- _Exercise goal_: From the data below, set down exactly the lines between the one holding "QR code with Nena's Pizza contacts" and the one holding "Ball So Hard - (CHEDDVR BOB Remix)", inclusive, and no others.
(Record extracts Opens)
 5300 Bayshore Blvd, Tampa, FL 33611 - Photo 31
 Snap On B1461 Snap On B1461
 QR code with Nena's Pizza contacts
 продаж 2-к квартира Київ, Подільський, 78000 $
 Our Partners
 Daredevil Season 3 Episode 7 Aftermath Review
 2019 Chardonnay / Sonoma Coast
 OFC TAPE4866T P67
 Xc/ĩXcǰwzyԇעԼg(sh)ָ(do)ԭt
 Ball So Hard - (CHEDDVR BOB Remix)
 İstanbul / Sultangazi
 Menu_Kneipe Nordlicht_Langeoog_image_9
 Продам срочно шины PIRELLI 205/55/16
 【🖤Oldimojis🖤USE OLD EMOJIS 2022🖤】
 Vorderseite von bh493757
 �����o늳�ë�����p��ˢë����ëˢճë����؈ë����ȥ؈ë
(Record extracts Closes)
(Record extracts Opens)
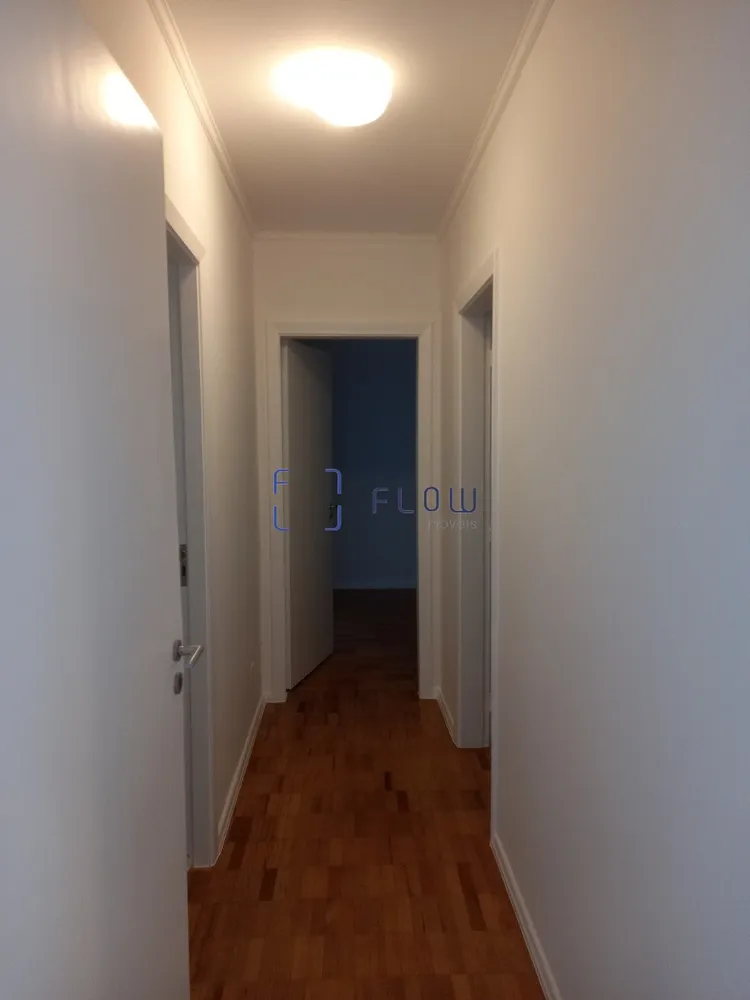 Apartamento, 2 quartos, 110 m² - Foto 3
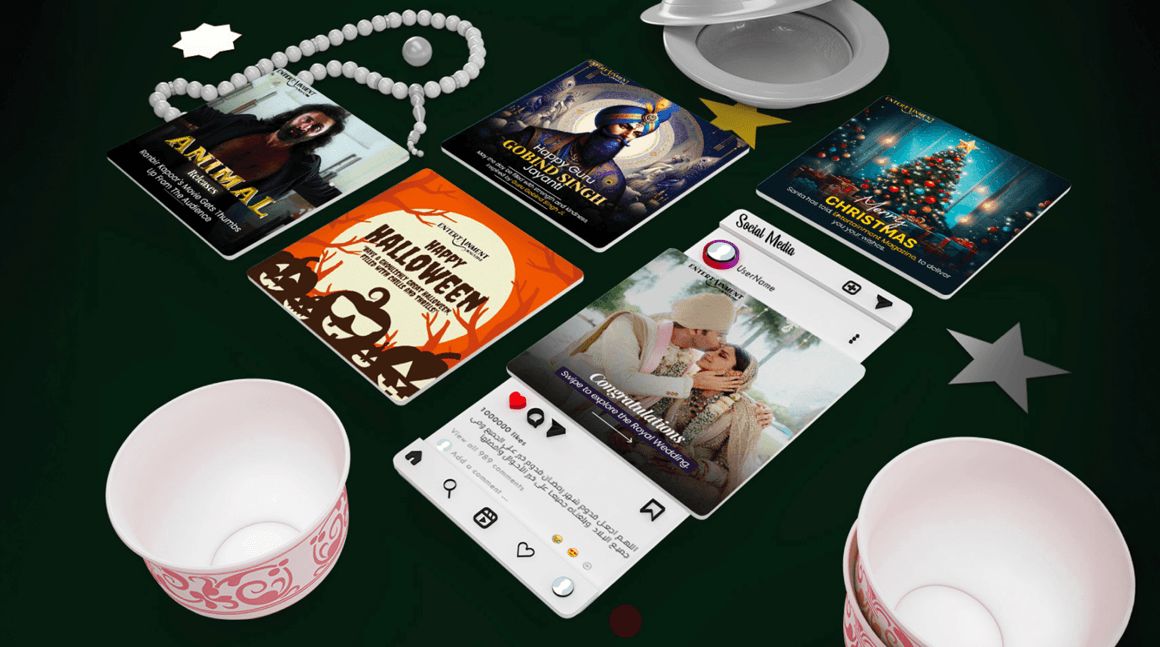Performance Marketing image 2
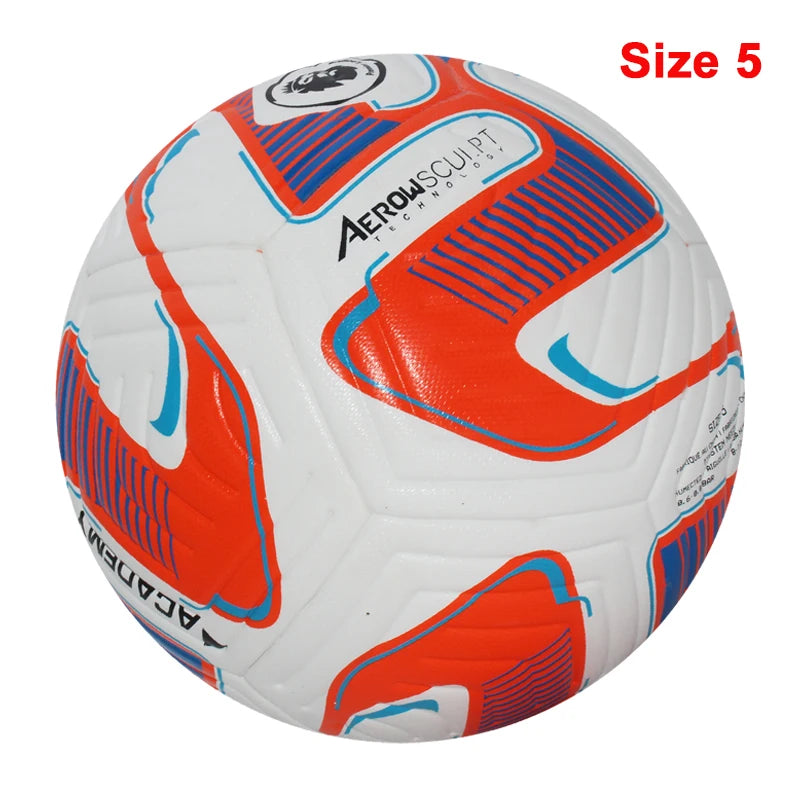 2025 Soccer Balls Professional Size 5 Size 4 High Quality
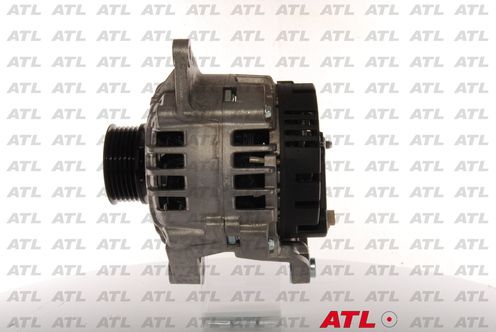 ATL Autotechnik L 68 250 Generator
(Record extracts Closes)
(Record extracts Opens)
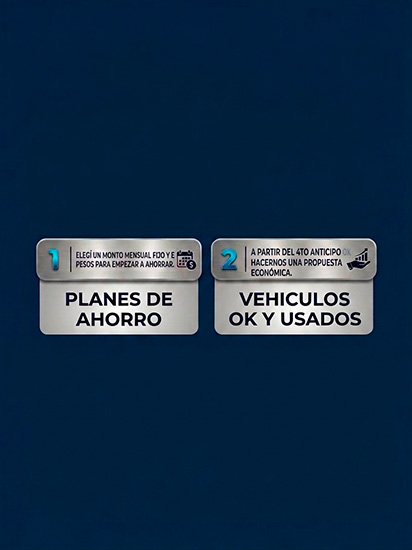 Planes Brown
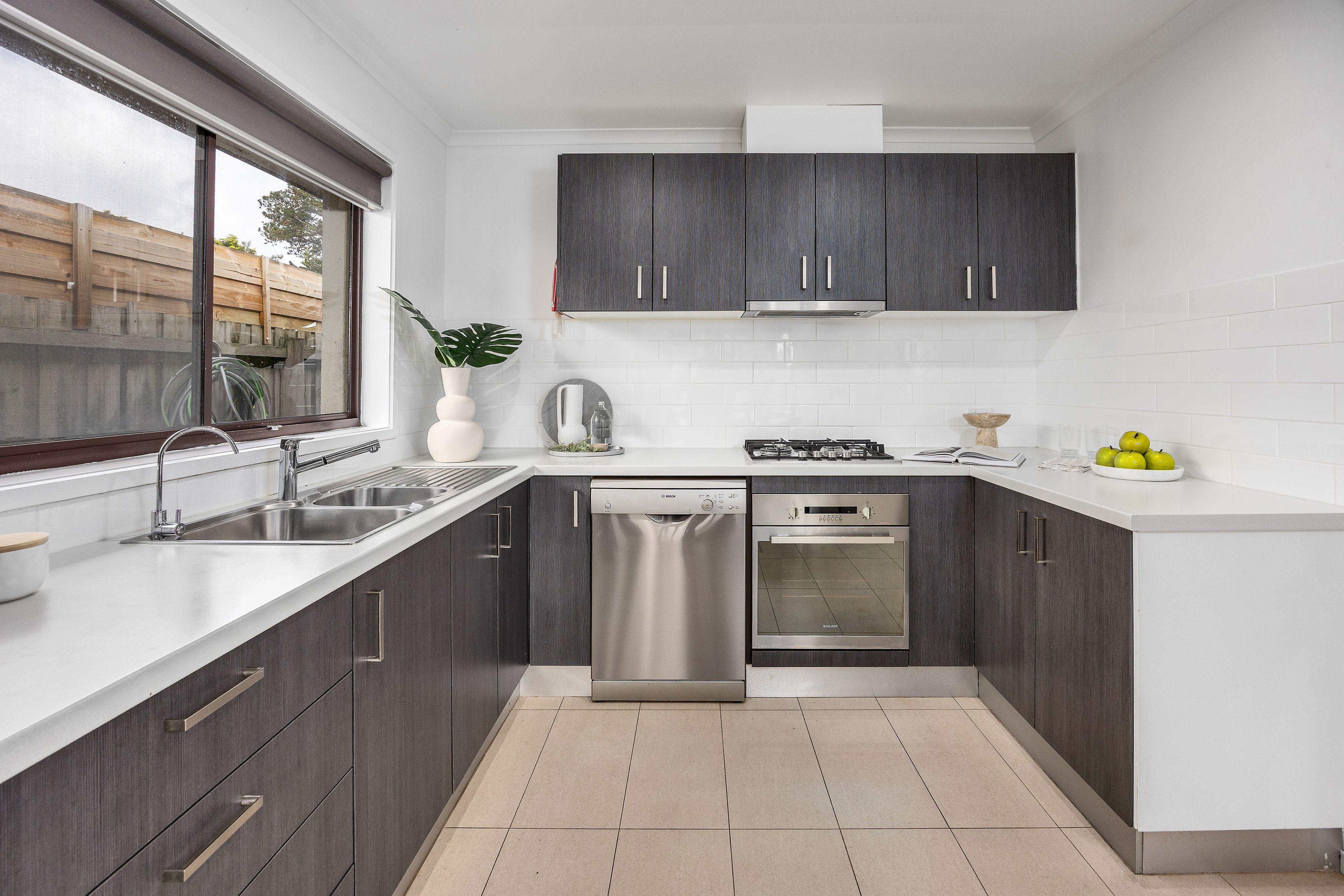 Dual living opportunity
(Record extracts Closes)
- _Solution for this problem_:
 QR code with Nena's Pizza contacts
 продаж 2-к квартира Київ, Подільський, 78000 $
 Our Partners
 Daredevil Season 3 Episode 7 Aftermath Review
 2019 Chardonnay / Sonoma Coast
 OFC TAPE4866T P67
 Xc/ĩXcǰwzyԇעԼg(sh)ָ(do)ԭt
 Ball So Hard - (CHEDDVR BOB Remix)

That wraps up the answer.